[The task] Your answer should be only the lines below from the one with "5-in-1 High Speed" to the one with "Star Spangled Crew Kids Outfit Size: 10/12", repeated exactly, ends included.

[Information provided]
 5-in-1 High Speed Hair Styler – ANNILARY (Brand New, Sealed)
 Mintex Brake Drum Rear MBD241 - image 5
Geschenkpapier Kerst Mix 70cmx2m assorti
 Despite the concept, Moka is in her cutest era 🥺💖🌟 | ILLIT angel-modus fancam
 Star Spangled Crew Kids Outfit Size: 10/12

==

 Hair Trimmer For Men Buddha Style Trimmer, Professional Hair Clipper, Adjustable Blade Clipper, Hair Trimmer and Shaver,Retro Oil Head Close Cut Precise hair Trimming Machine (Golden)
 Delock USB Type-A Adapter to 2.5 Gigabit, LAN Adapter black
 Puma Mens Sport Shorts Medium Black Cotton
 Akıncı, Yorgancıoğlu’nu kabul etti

--

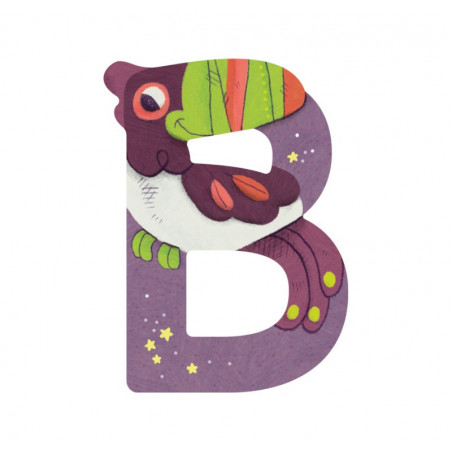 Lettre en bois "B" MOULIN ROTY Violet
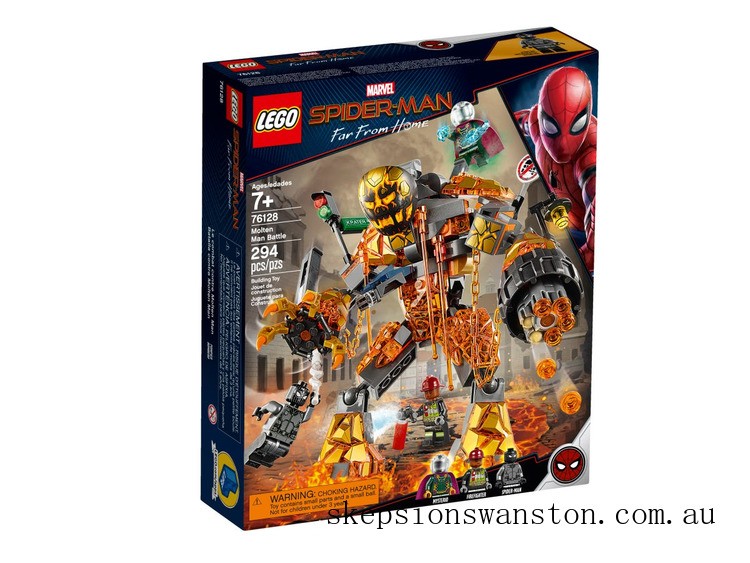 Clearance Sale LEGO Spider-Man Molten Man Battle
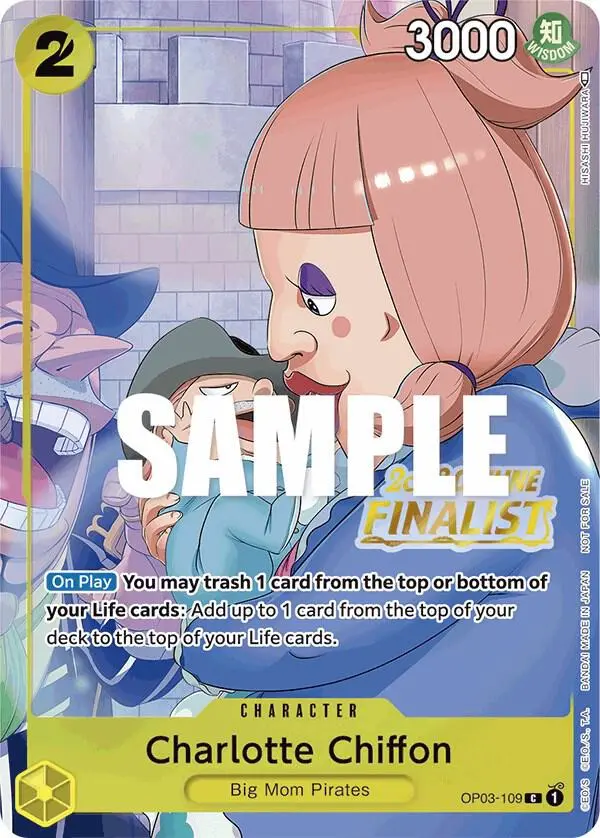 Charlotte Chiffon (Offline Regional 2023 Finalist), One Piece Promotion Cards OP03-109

[Solution to the problem]
 5-in-1 High Speed Hair Styler – ANNILARY (Brand New, Sealed)
 Mintex Brake Drum Rear MBD241 - image 5
Geschenkpapier Kerst Mix 70cmx2m assorti
 Despite the concept, Moka is in her cutest era 🥺💖🌟 | ILLIT angel-modus fancam
 Star Spangled Crew Kids Outfit Size: 10/12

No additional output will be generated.